But you know what?? With God, all things are possible!!!

After we had the moment of truth (where we thought we were going to have to sell the house, live out of our cars, and eat mini wieners out of a can... melodramatic me again!), we talked it over, and now we know what we have to do for the next 4-5 years to get out of this hole. And we did it all without knocking each other out or raising our voices! We have a budget, we have a plan, and we can do it!

We then had one of my favorite parts so far of our 6 year marriage. We went down by the lake at his parent's house... away from everything. We sat and held each other, quietly talking, and then Rev began to pray for us.

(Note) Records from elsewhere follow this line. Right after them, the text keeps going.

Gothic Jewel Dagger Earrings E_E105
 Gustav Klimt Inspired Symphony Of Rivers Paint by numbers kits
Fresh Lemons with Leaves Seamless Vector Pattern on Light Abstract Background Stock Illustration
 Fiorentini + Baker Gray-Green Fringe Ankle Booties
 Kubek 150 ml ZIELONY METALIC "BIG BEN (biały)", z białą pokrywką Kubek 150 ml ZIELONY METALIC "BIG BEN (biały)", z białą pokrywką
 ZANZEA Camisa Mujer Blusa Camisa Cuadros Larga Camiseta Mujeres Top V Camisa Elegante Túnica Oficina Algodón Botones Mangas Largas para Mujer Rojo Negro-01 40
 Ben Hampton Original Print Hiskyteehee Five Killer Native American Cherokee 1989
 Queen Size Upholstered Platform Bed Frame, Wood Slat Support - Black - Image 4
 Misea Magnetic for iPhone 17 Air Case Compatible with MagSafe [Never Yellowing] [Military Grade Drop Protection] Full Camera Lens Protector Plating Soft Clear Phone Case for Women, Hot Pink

He prayed that God would forgive us for being improper stewards of our money, that He would bless our efforts and give us strength and patience on this journey.

We want to be a blessing to Him and to His kingdom, and so we gave it all to Him right there by the lake. Holding each other and knowing that God is holding us in His arms too. We will do our part, and we are confident that God will do His. He has never let us down!!

1 comment:

  1. I know exactly how you feel. Blue and I feel we're back at square one with him in Academy. We've been a bit foolish with money from time to time and now Blue is just starting out in a new career. I stay home with the kids and so I can't really contribute. It can get overwhelming sometimes. He'll be making a good salary in a few years but it's the inbetween that I'm worried about.

    Trying to trust that God will provide...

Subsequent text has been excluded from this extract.